▶ _WHAT IS NEEDED_: Copy out the listing in full, exactly as written, but not its pictures.

━━━ RECORDS FOR PROCESSING

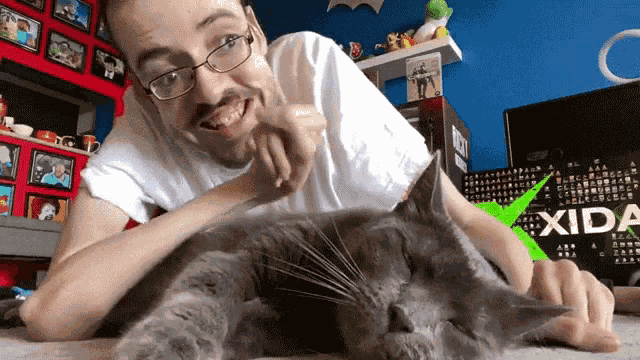 Sleeping Cat Ricky Berwick GIF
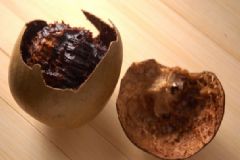 羅漢果不能和什么食物一起吃？羅漢果的飲食禁忌有哪些？[圖]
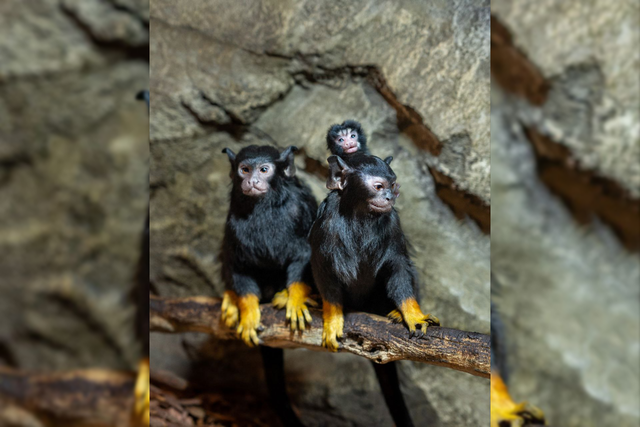 В парке «Лога» родились два детеныша красноруких тамаринов - Новости Ростова-на-Дону - последние новости Ростова-на-Дону сегодня на 1rnd.ru, 19.11.2025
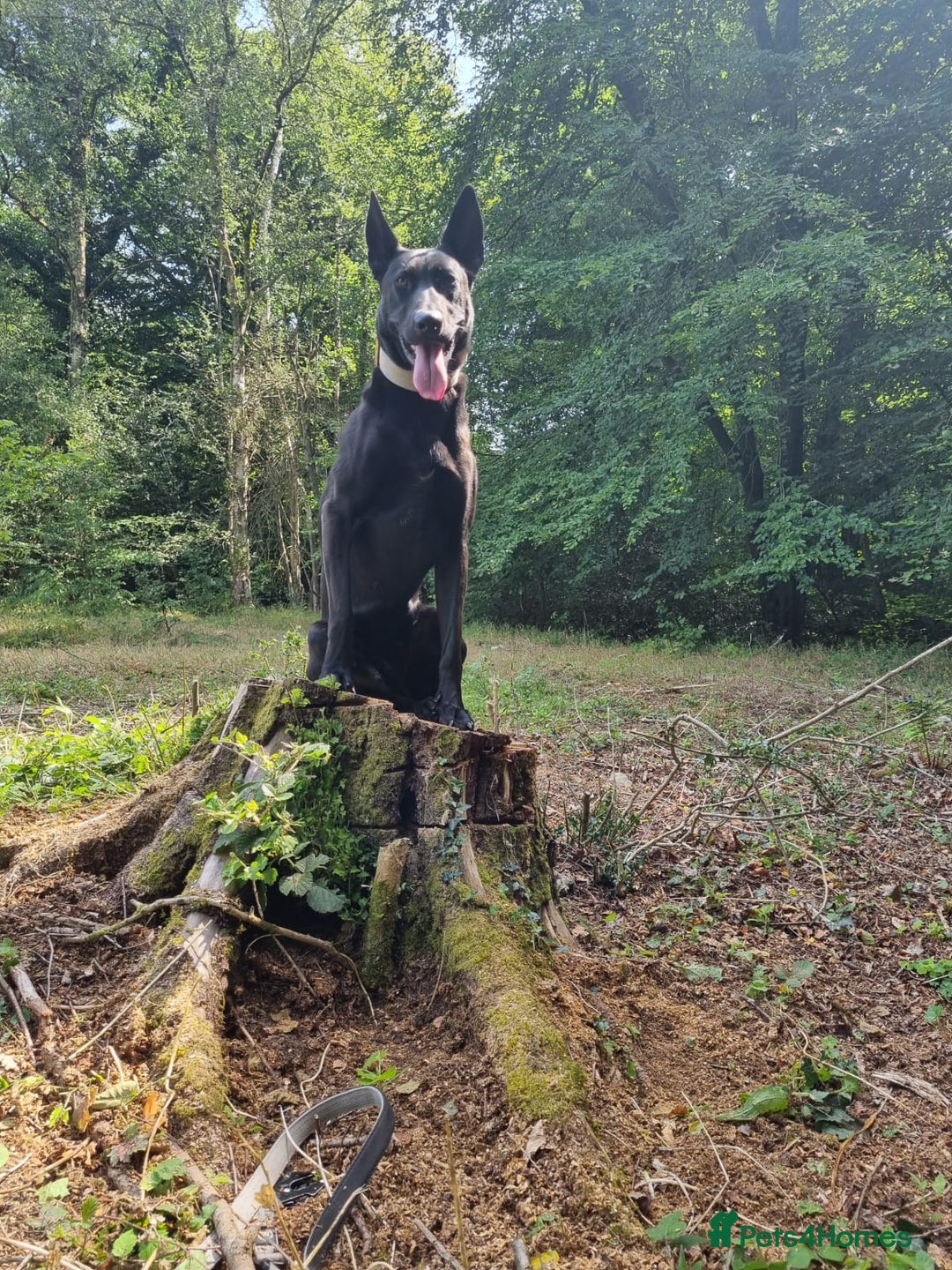 Belgian Shepherd Dog dogs for sale: Malinois Pups. Intentionally Bred as family dogs - Advert 17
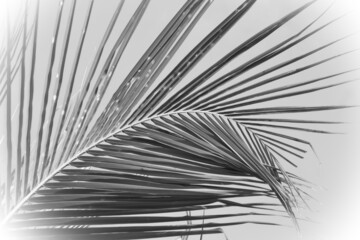 palm tree background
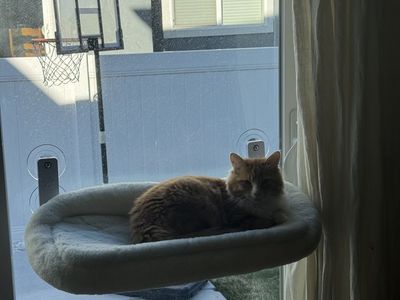 5 Month Old Siberian Kitten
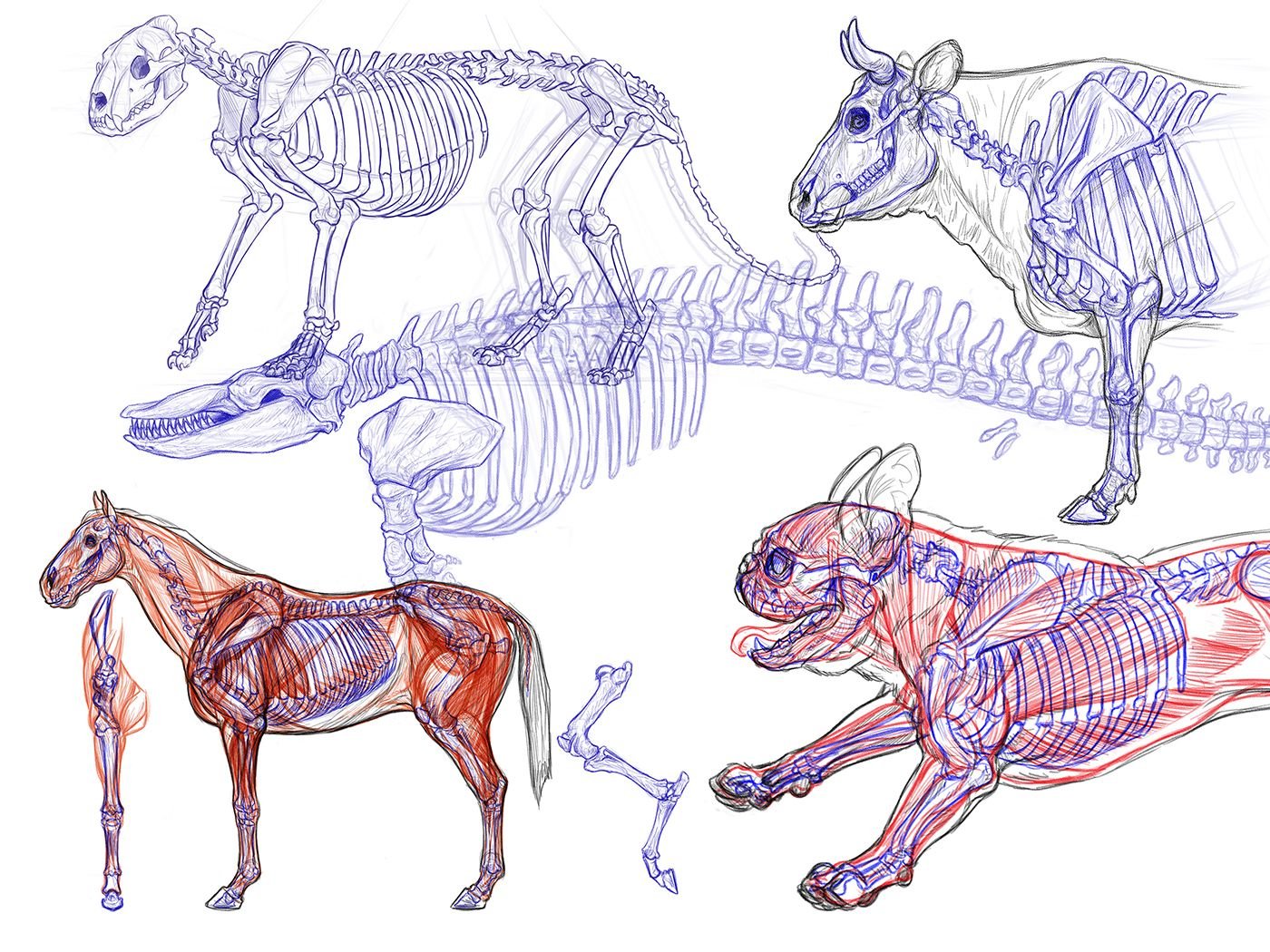 Анатомические зарисовки животных
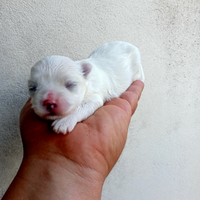 Cucciolo di Maltese Coreano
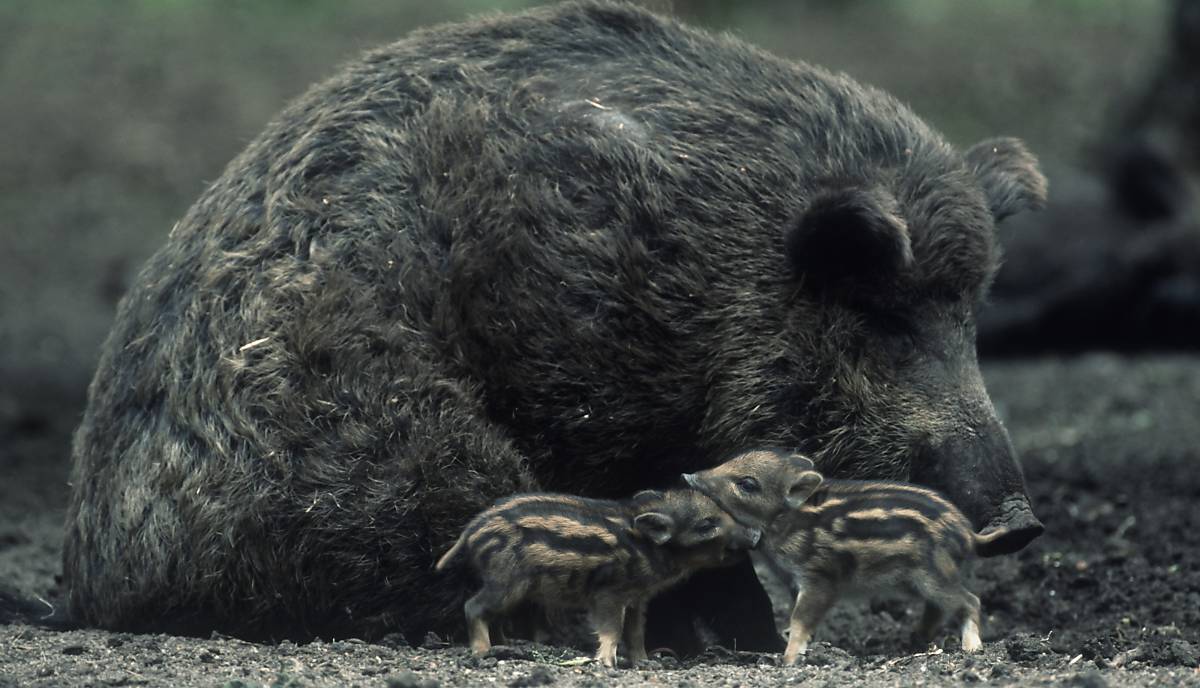 wildschwein-mit-frischlingen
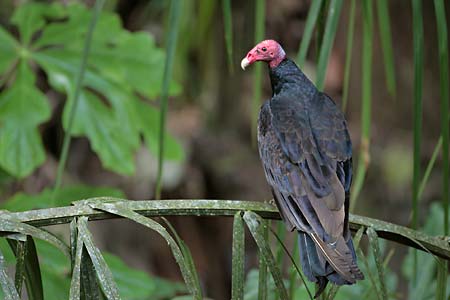 Turkey Vulture (Cathartes aura) photo image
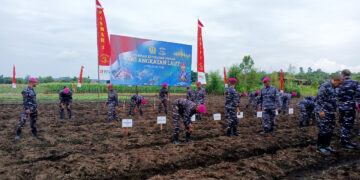 Wujudkan Program Pemerintah, TNI AL Laksanakan Penanaman Jagung dan Budidaya Ikan Nila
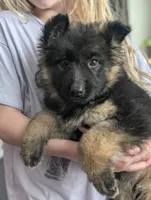 Maddie AKC, a female German Shepherd Dog for sale in Franklinville, NC – Photo 2 of 10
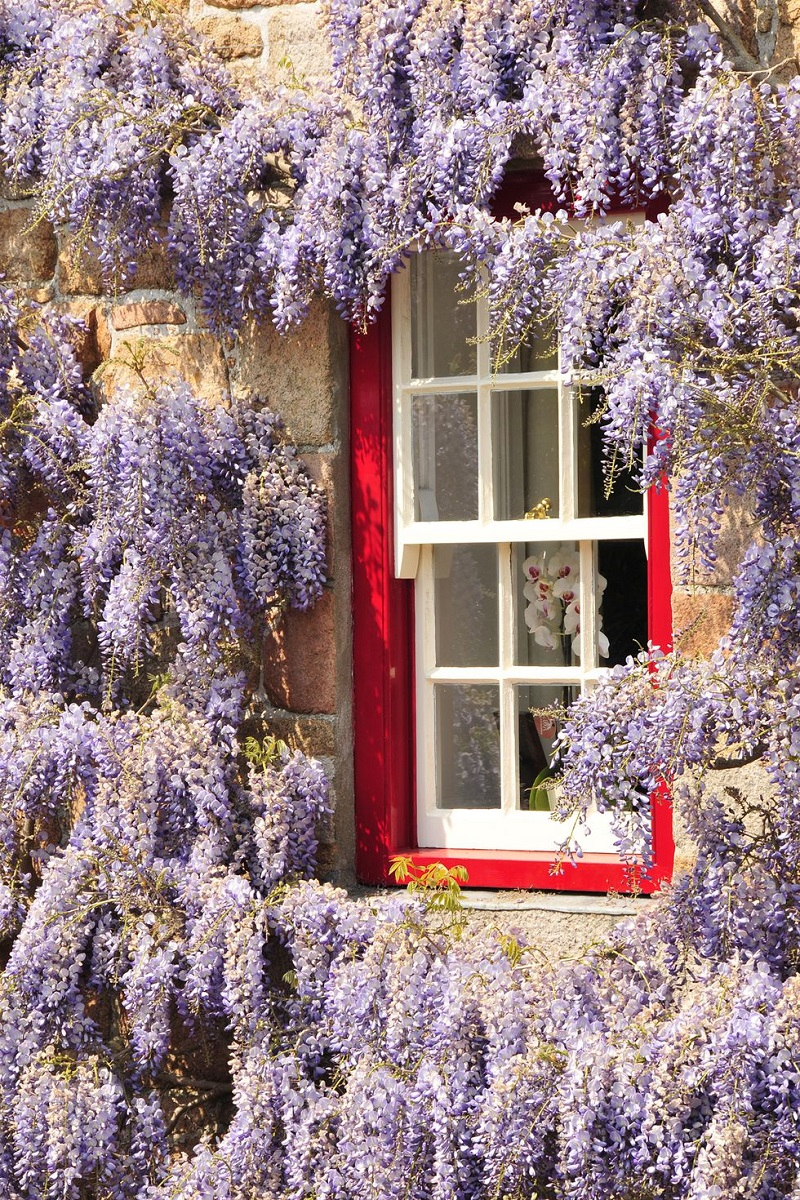 Wisteria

━━━━━━

▶ _EXPECTED ANSWER_:
 Sleeping Cat Ricky Berwick GIF
 羅漢果不能和什么食物一起吃？羅漢果的飲食禁忌有哪些？[圖]
 В парке «Лога» родились два детеныша красноруких тамаринов - Новости Ростова-на-Дону - последние новости Ростова-на-Дону сегодня на 1rnd.ru, 19.11.2025
 Belgian Shepherd Dog dogs for sale: Malinois Pups. Intentionally Bred as family dogs - Advert 17
 palm tree background
 5 Month Old Siberian Kitten
 Анатомические зарисовки животных
 Cucciolo di Maltese Coreano
 wildschwein-mit-frischlingen
 Turkey Vulture (Cathartes aura) photo image
 Wujudkan Program Pemerintah, TNI AL Laksanakan Penanaman Jagung dan Budidaya Ikan Nila
 Maddie AKC, a female German Shepherd Dog for sale in Franklinville, NC – Photo 2 of 10
 Wisteria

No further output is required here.